Data to use section start
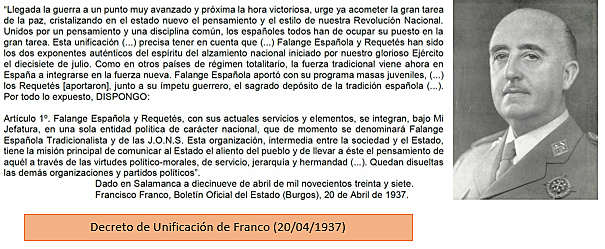 Decreto de unificación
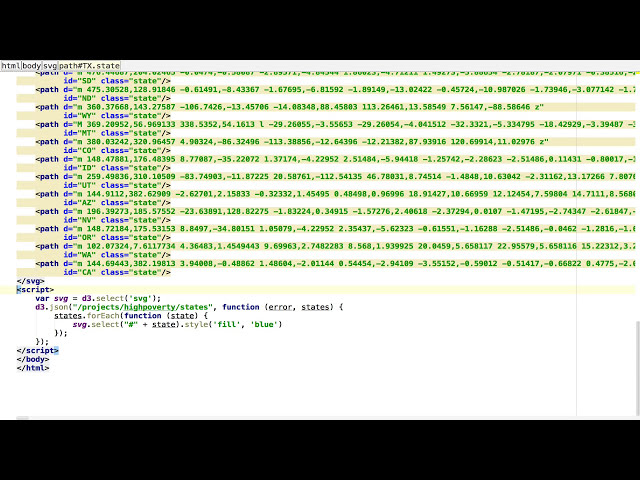 فیلم آموزشی: شروع با داده: استفاده از Python و D3 برای تجسم JSON از اهداکنندگان REST API را انتخاب کنید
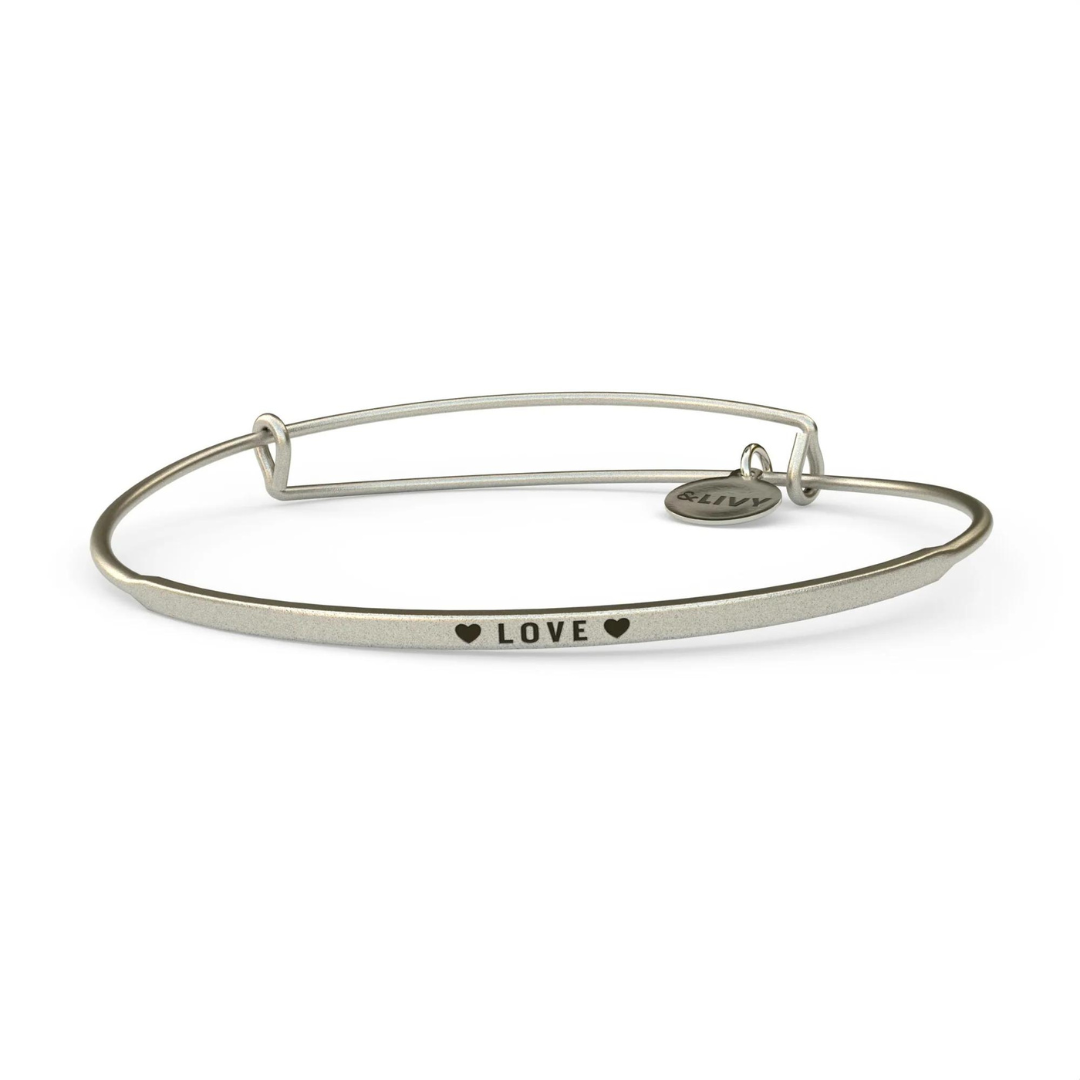 &Livy 'Love' Posy Bracelet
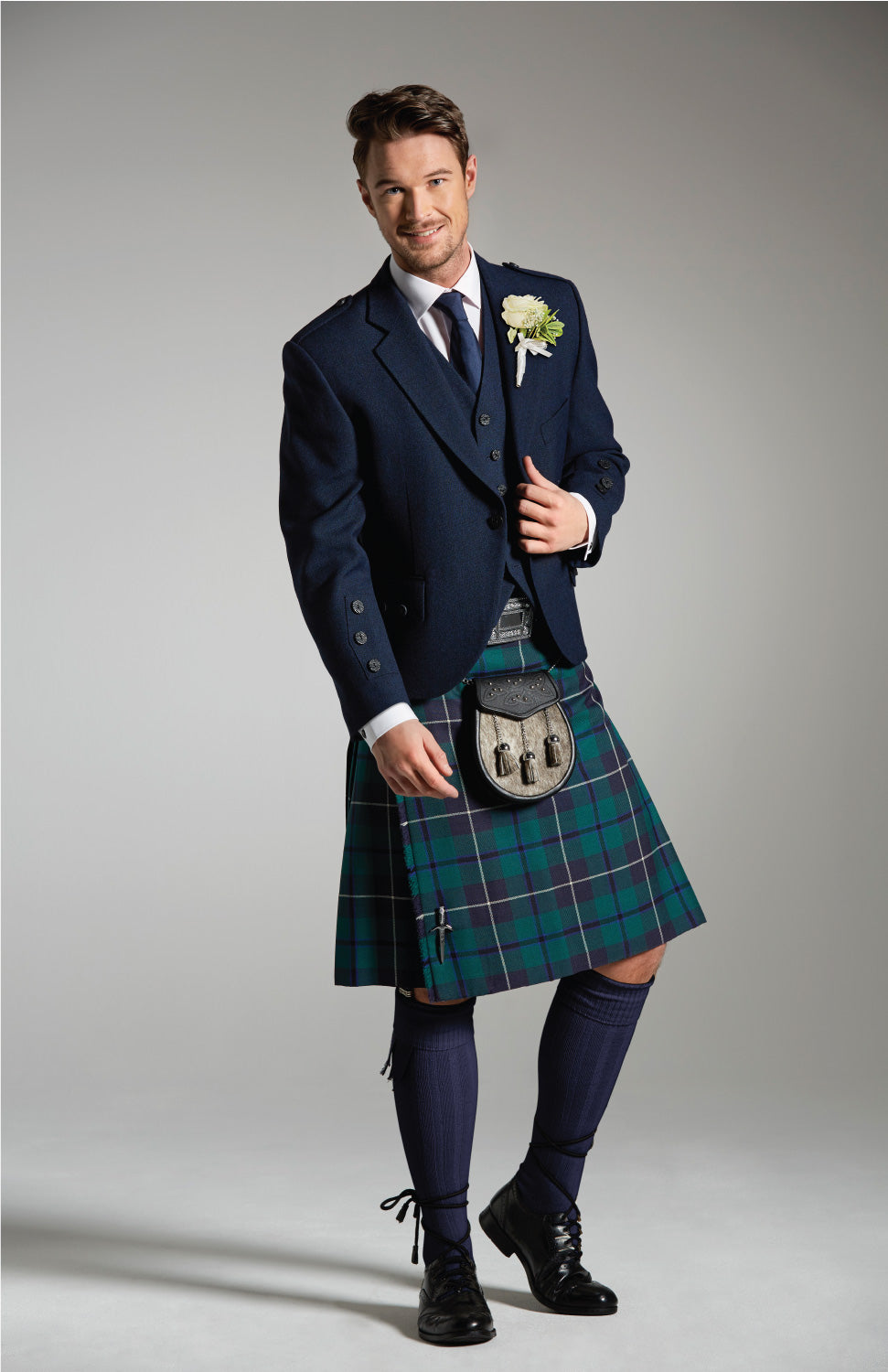 Modern Douglas Kilt Hire Package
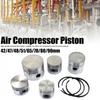 Komplettes Luftkompressor-Kolben-Austauschset einschließlich Kolbenringe, Bolzen und Sicherungsringe. Kompatibel mit verschiedenen Luftpumpen.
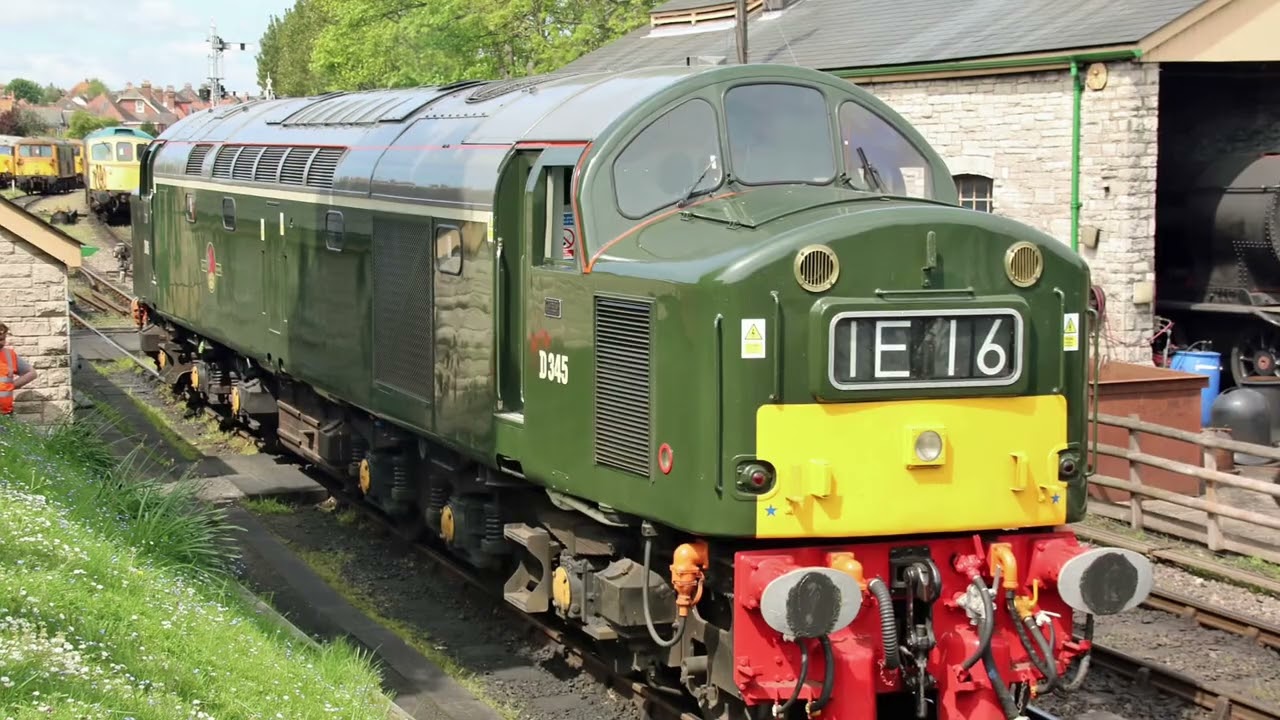 The preserved BR Class 40 Whistlers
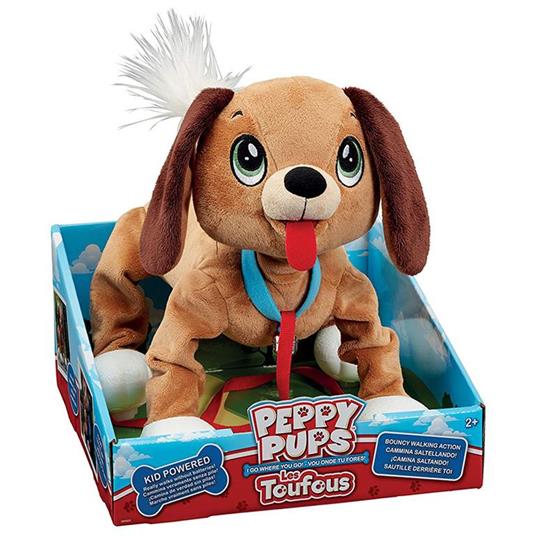 Peppy Pups Dogs. Cagnolino Marrone Peluche. Giochi Preziosi. Pep01000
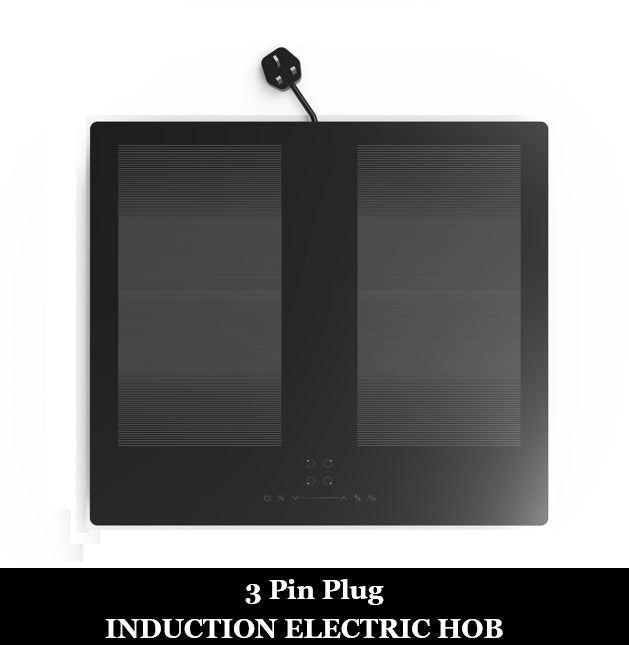 Cata UBFLEX60 60cm Flex Zone 13 Amp Induction Hob Black Glass 3 Pin Plug Induction Hob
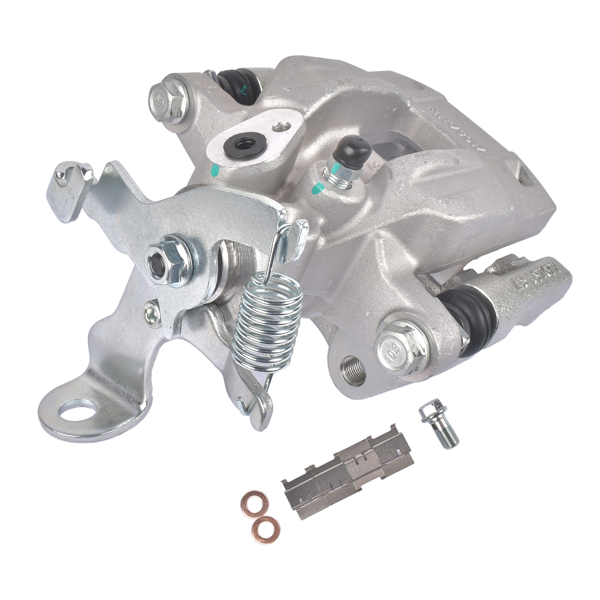 刹车钳 Rear Left Brake Caliper with Bracket and Piston Fits for Nissan Sentra Sedan 2.0L L4 2020-2024 Silver 1Pc-7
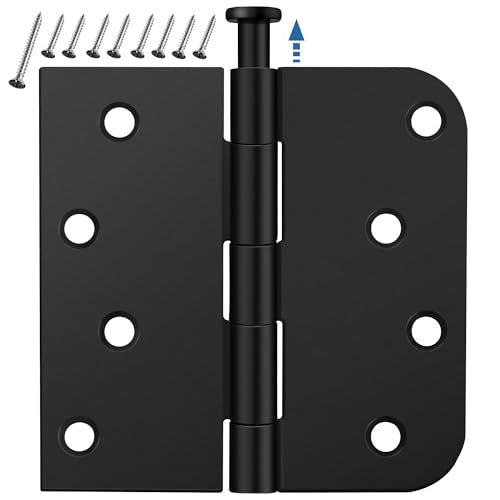 3 Pack Matte Black Door Hinges 4 Inch, Exterior Door Hinges - color: Matte Black, size: 4" 3 Pack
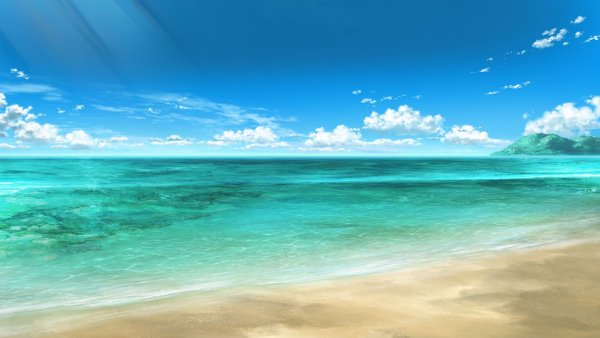 Фон море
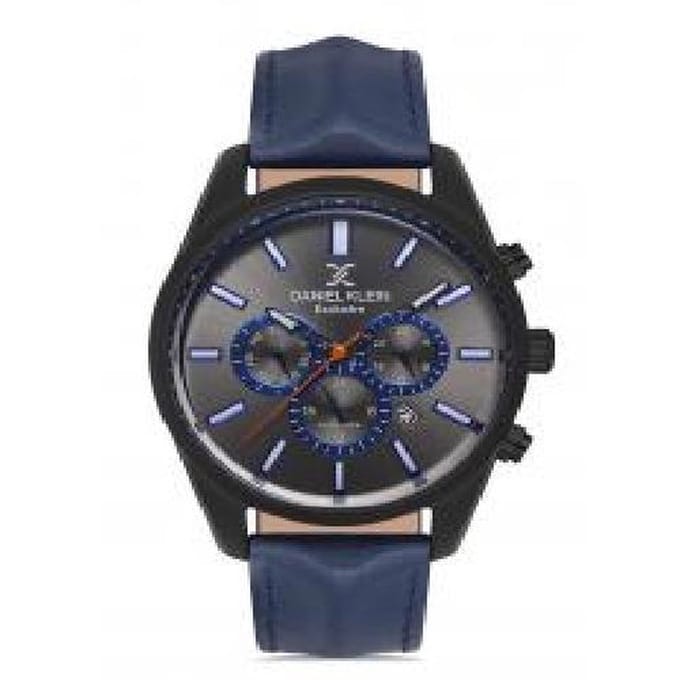 Daniel Klein DK.1.12873-3 - Horloge - Analoog - Mannen - Heren - leren band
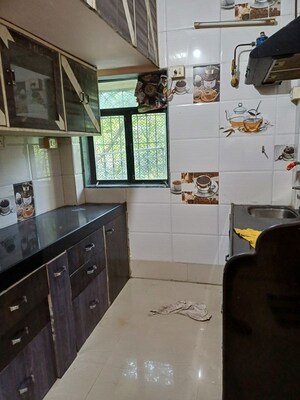Kitchen in 1 BHK Apartment at Mukambika CHS, Ghansoli Sector 6 – for Rent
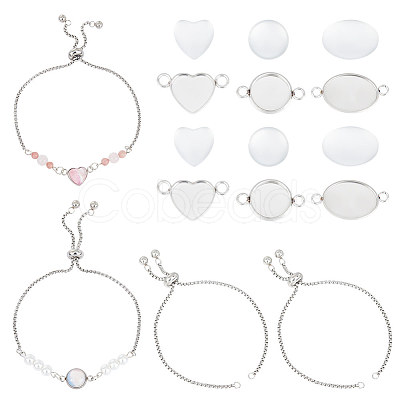 DIY Blank Link Bracelet Making Kit DIY-UN0005-26-1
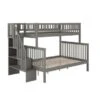 Woodland Staircase Bunk Bed In Grey - Twin Over Full -Furniture Kids Store 638eddeb f79a 4e54 b5e2 9f17bd233fb0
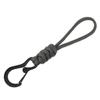 Multifunctional Paracord Lanyard High Strength Parachute Cord Carabiner Paracord Keychain  Hiking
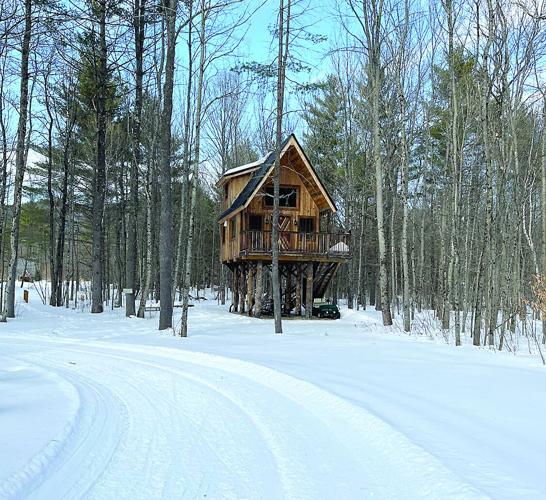 Nordic Tracks - Bear Notch Ski Touring and winery - treehouse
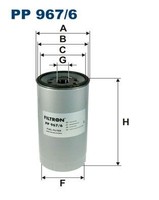 Filtron Kraftstofffilter Pp 967/6 FüR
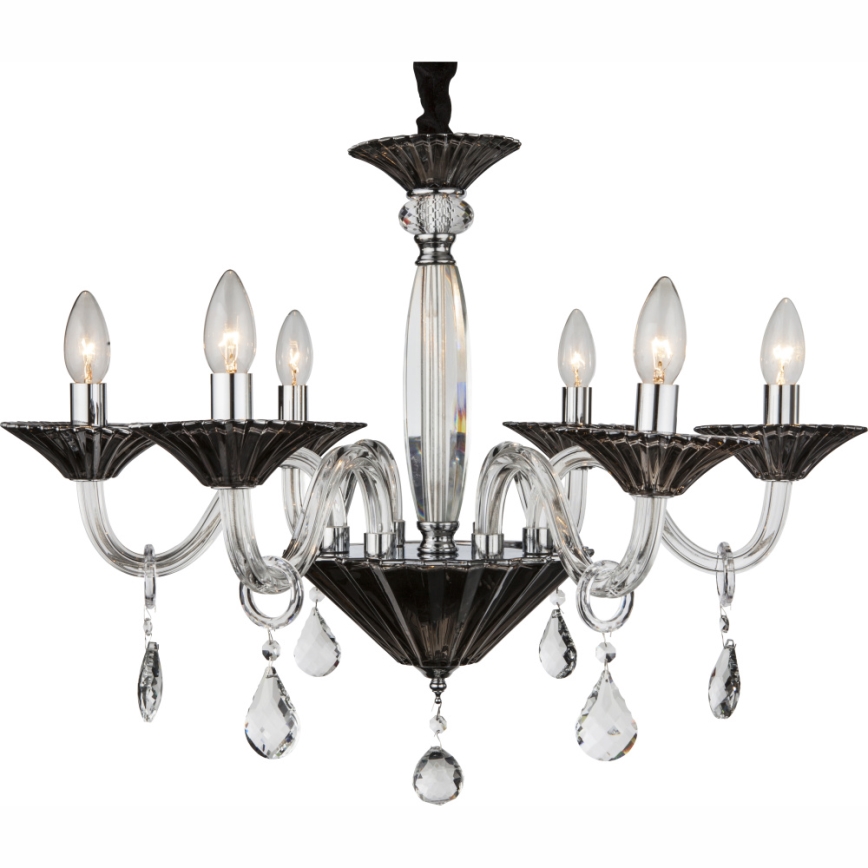 Globo - Csillár láncon 6xE14/40W/230V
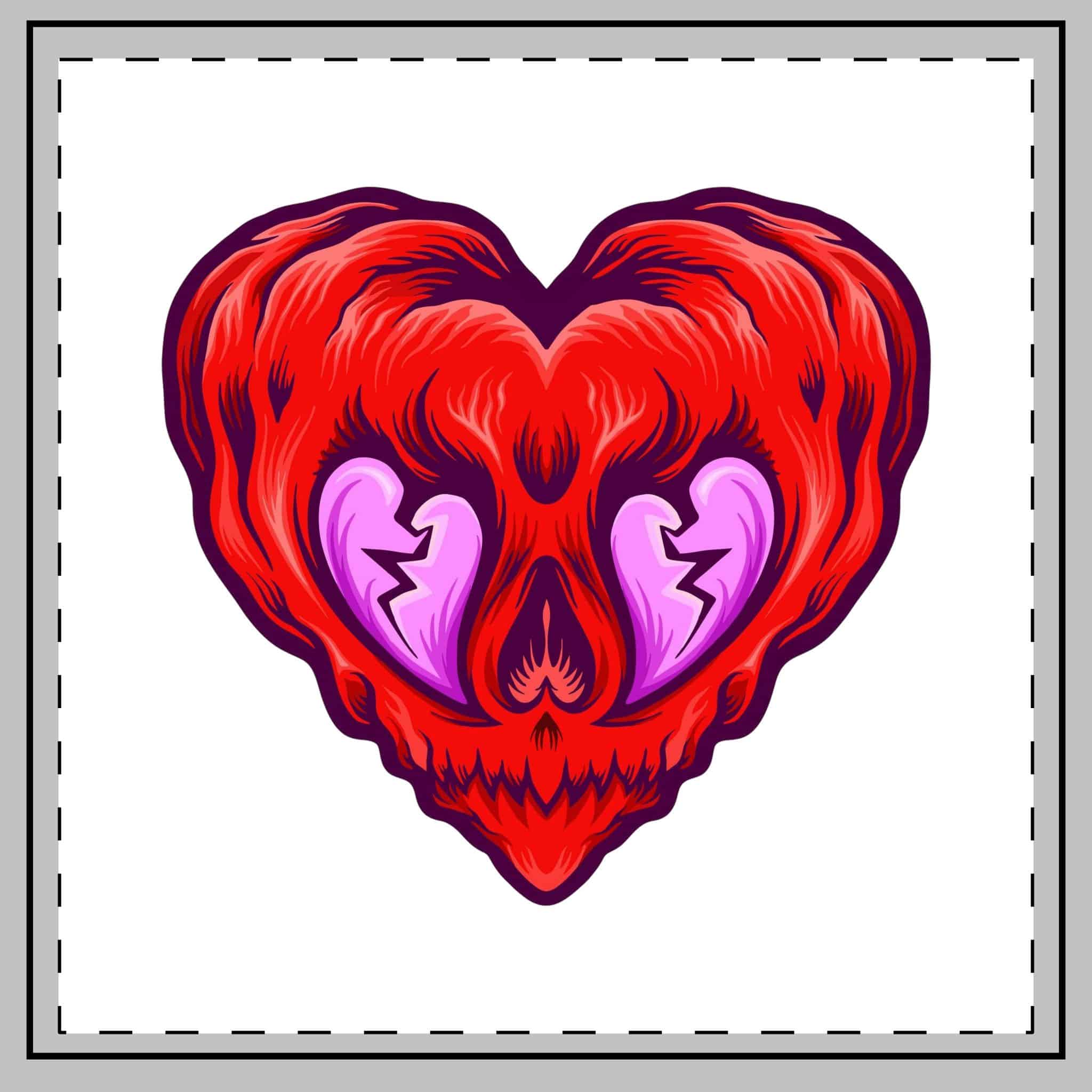 Heartbreak Isolated Illustration Throw Pillow - Image 2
Data to use section end
Task requirements: Pictures are not part of the copy. Extract exactly the lines from the line containing "DIY Blank Link" through the final line of the entries above, both included.

Exercise result:
 DIY Blank Link Bracelet Making Kit DIY-UN0005-26-1
 Woodland Staircase Bunk Bed In Grey - Twin Over Full -Furniture Kids Store 638eddeb f79a 4e54 b5e2 9f17bd233fb0
 Multifunctional Paracord Lanyard High Strength Parachute Cord Carabiner Paracord Keychain  Hiking
 Nordic Tracks - Bear Notch Ski Touring and winery - treehouse
 Filtron Kraftstofffilter Pp 967/6 FüR
 Globo - Csillár láncon 6xE14/40W/230V
 Heartbreak Isolated Illustration Throw Pillow - Image 2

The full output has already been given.